President Hugo Chávez shook off his health problems to lead a massive rally on Sunday while opposition rival Henrique Capriles took to remote regions for the formal launch of Venezuela's presidential race.
Unable to repeat the frenetic campaigning of past elections due to his struggle with cancer, a fist-pumping Chávez nevertheless made a rare appearance at a rally in central Venezuela to underline he is fit enough for the Oct. 7 vote.
The Bolivarian hurricane has begun! he roared to tens of thousands of supporters in the central town of Maracay, referring to his personal idol and Venezuela's independence hero, Simon Bolívar.
Capriles, a young ex-state governor seeking to end 13 years of populist rule in the South American OPEC member, flew to two distant spots near the Brazilian and Colombian borders to highlight alleged government neglect of remote communities.
Venezuela is a blessed country. We just lack a good government, he told indigenous inhabitants of the remote San Francisco de Yuruani hamlet, close to the majestic, flat-topped Roraima mountain in a barely populated region near Brazil.
With three months to the ballot, Chávez has a two-digit lead in most polls. Yet there is a large percentage of undecided voters and one pollster this week put the pair head-to-head.

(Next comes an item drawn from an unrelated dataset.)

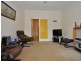 7/11 Murray Avenue, Magill SA 5072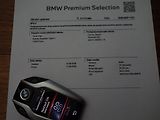 BMW X7 (2022) 4.0d*XD*M-PAKET*24000KM*TOP*CZ - náhled 50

After three operations to remove two malignant tumours during a year-long battle with cancer, the ever-upbeat Chávez, 57, has in recent weeks declared himself in full recovery and his energy levels appear to be surging just in time for the campaign.
I want to thank Christ the Redeemer for allowing me to get through this difficult year, he said, after riding on the top of a truck for several hours through streets lined with ecstatic supporters against a backdrop of lush hills.
Most analysts agree the presidential vote is shaping into the closest since Chávez took power in 1999, turning himself into one of the world's most controversial leaders with his anti-American rhetoric and radical nationalization policies.